Feature |
Product |
Release introduced |
---|---|---|
Flight Recorder for system health monitoring |
5320 Series |
Fabric Engine 8.6 |
5420 Series |
VOSS 8.4 |
|
5520 Series |
VOSS 8.2.5 |
|
5720 Series |
Fabric Engine 8.7 |
The Flight Recorder is a high level term for the framework in place on the switch to store both history and current state information for various kernel, system, and application data with minimal overhead to execution. This data can later be accessed on-demand when debugging systems issues to give engineers the best possible troubleshooting information. Functionally, the Flight Recorder consists of two elements; Persistent Memory and Always-on Trace.
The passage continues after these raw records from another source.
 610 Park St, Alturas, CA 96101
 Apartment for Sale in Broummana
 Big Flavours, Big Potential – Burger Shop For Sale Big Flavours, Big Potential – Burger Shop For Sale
The Persistent Memory feature stores information in volatile memory outside of any process. This feature provides information on crashes, errors, and outages that are not the result of a power failure. Persistent Memory data not saved to non-volatile storage before a power failure will be lost. Persistent Memory snapshots are taken when:
a critical process stops functioning
a process stops responding
the hardware watchdog activates
the user initiates a snapshot in the CLI
The Always-on Trace feature creates an ongoing, circular log of every trace call recently executed regardless of the trace level enabled by the user. The Always-On Trace feature uses circular logging, and therefore stores the most recent traces of the process.
Flight Recorder functionality is provided only through CLI. The following commands are used to make use of this feature:
flight-recorder all {slot[-slot][,...]}
The command creates a flight-recorder snapshot, trace and archive.
flight-recorder archive {slot[-slot][,...]}
This command creates a tarball of flight-recorder files, log files, and configuration files.
flight-recorder snapshot {slot[-slot][,...]}.
This command takes a snapshot of PMEM data.
flight-recorder trace {slot[-slot][,...]}
This command takes snapshot of always-on-trace data.